WHAT IS EXPECTED
An exact copy of every entry is needed, without any of the pictures.
______________________________
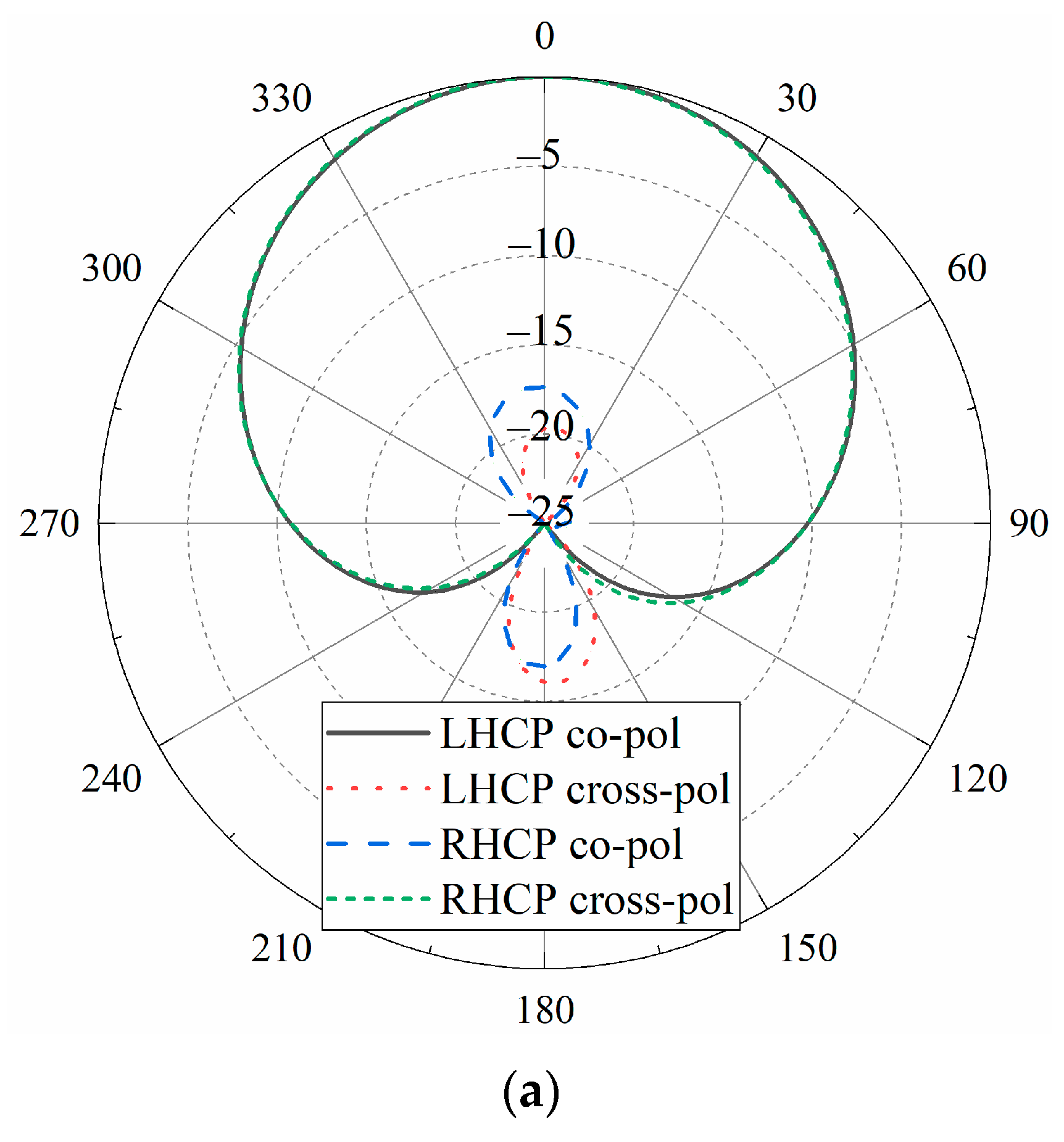 Remotesensing 13 02974 g005a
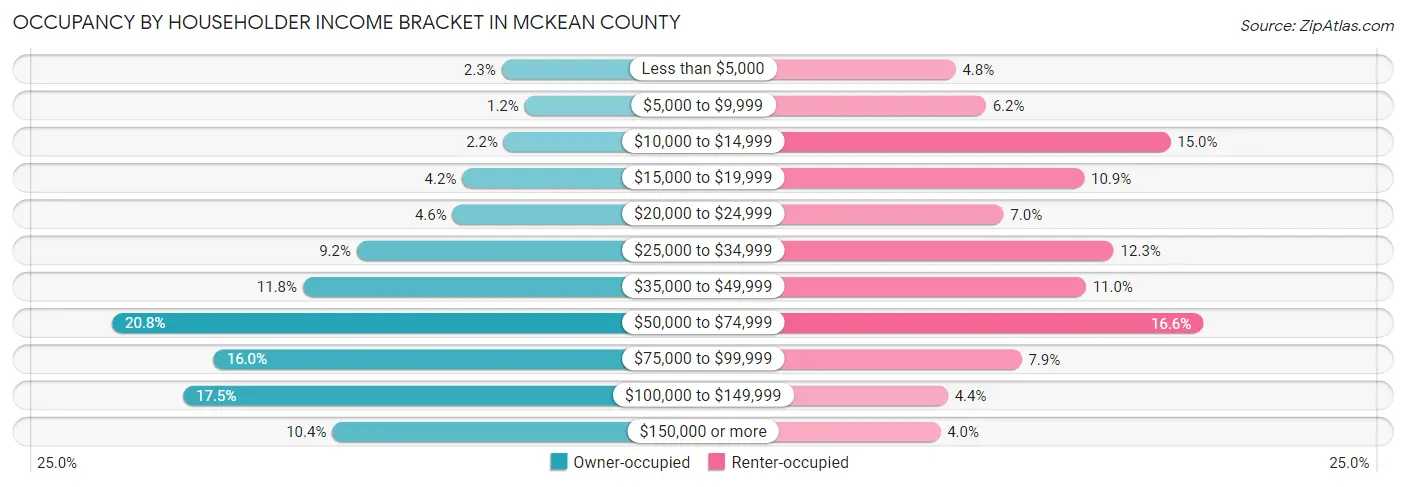 Occupancy by Householder Income Bracket in McKean County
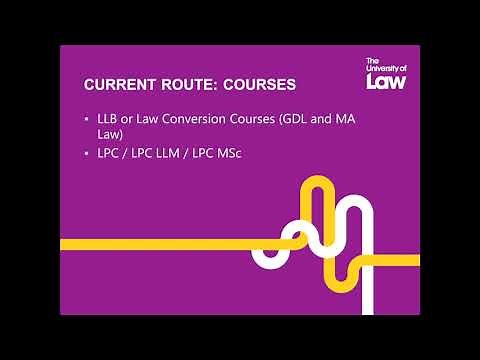 Becoming a Solicitor – SQE or GDL/LPC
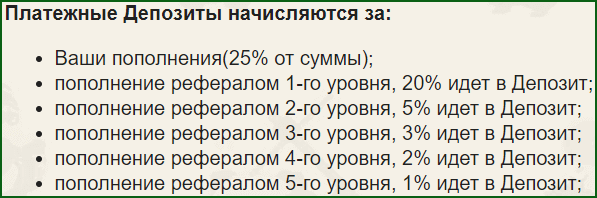 как зарабатываются платежные депозиты в экономической игре с выводом денег Golden Oligarch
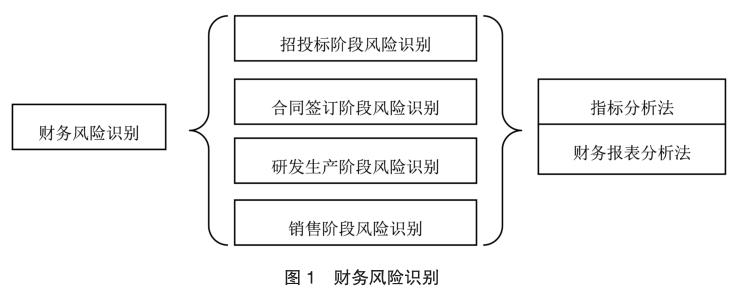 我国当代中小型企业财务风险管理应对策略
______________________________
RESPONSE TO THE EXERCISE
 Remotesensing 13 02974 g005a
 Occupancy by Householder Income Bracket in McKean County
 Becoming a Solicitor – SQE or GDL/LPC
 как зарабатываются платежные депозиты в экономической игре с выводом денег Golden Oligarch
 我国当代中小型企业财务风险管理应对策略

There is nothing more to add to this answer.